Auftakt in Pforzheim

Pforzheim, wo 240 Mitarbeiter des kommunalen Unternehmens ihre Stelle verloren haben, sei nur der Anfang des Prozesses gewesen, so Gross. In Esslingen drohe sich dieser Einschnitt zu wiederholen. Sorge bereitet ihm unter solchen Umständen die Aussicht, dass das Thema in den nächsten Jahren auch in Stuttgart, Reutlingen und Tübingen auf die Tagesordnung rücken dürfte. Konstanz bildet in diesem Zusammenhang für Verdi immerhin einen Lichtblick. Laut Gross hat die Direktvergabe des Nahverkehrs an den kommunalen Betrieb geklappt, obwohl es auch dort private Konkurrenten mit einer eigenwirtschaftlichen Kalkulation gab.

stellungnahmen

Ingo Rust: Der Esslinger Finanzbürgermeister Ingo Rust hat gestern erneut betont, die Stadt werde die Anträge der privaten Konkurrenz sehr genau anschauen. Momentan könne er sich nicht vorstellen, dass es ohne öffentliche Zuschüsse möglich sei, die heutigen Standards im öffentlichen Nahverkehr zu erfüllen, merkt er an. Das gelte umso mehr, als der private Betreiber in diesem Fall allein für die Trasse der Oberleitungsbusse jährlich eine Million Euro an die Stadt bezahlen müsse. In dem Verfahren, das beim Regierungspräsidium angesiedelt ist, werde die Stadt die Belastbarkeit der Angebote sehr genau prüfen. „Es bringt uns nichts, wenn ein Unternehmen innerhalb von zwei Jahren in die Insolvenz geht“, sagt Rust.

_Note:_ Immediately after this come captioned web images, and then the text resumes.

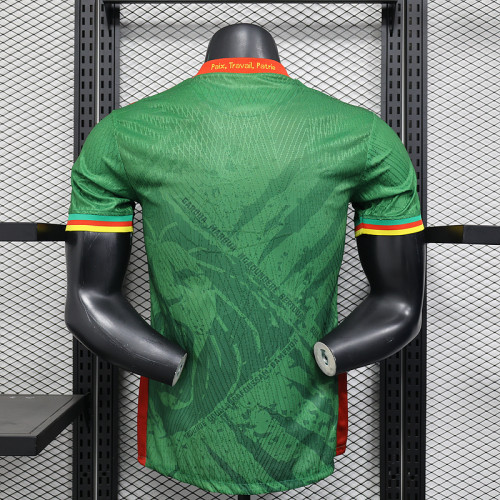 Player Version 2025 Cameroon Home Soccer Jersey Cameroun Football Shirt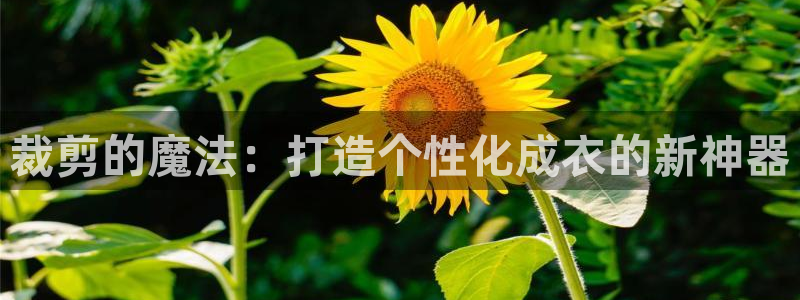 天辰娱乐22650
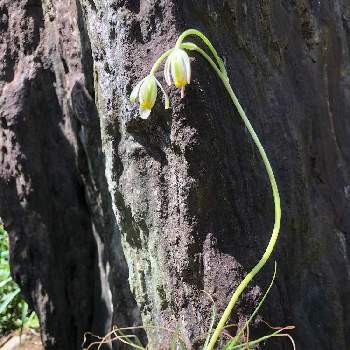 アルブカ  フミリスの画像 by あかねこさん | 植物のある暮らしとGS永ちゃん部と癒しと可愛いとアルブカ  フミリス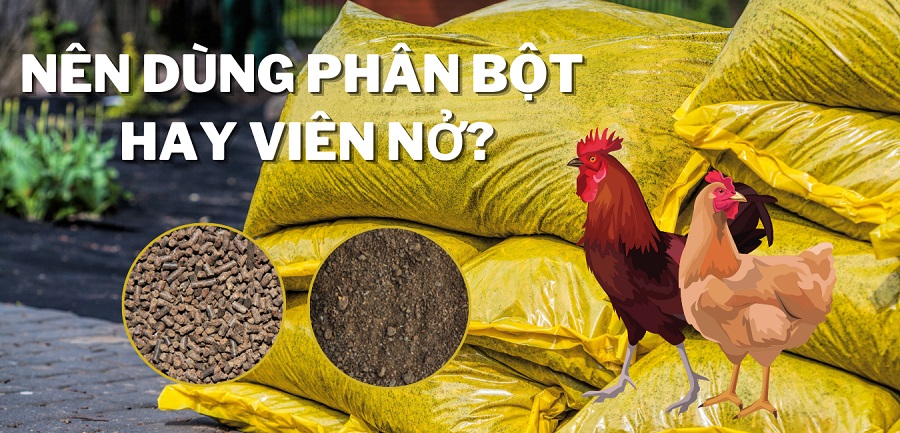 Phân gà hữu cơ - Nên dùng dạng bột hay viên nở?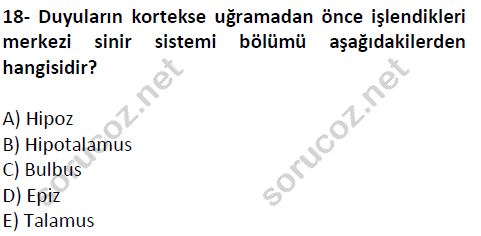 auzef cocukgelisimlisans 51 18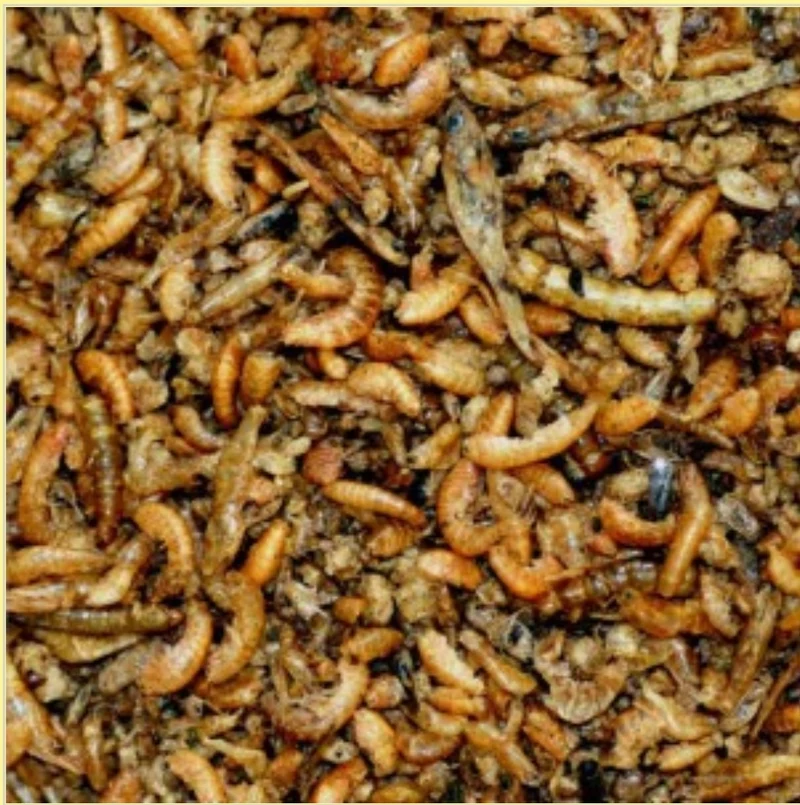Nutribird Patee de Insectos Premium 2 kg Mínimo. 50% Insectos. Alimento completo para todos los insectívoros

Eberhard Schlienz: Der Geschäftsführer des gleichnamigen Busunternehmens begründet den Versuch, gemeinsam mit der Firma Fischle den Zuschlag für das gesamte Busnetz in Esslingen zu bekommen (bisher bedienen sie 51 Prozent des Netzes), mit der Sorge um die Zukunft des Unternehmens. „Wir sind zu diesem Vorstoß gezwungen“, sagt er. Schlienz ist sicher, dass es weitere Konkurrenten gibt, die ohne Zuschüsse das ganze Netz betreiben wollen. Hätte man ihnen das Feld überlassen, wäre zu befürchten gewesen, dass Fischle und Schlienz ganz aus dem Spiel sind.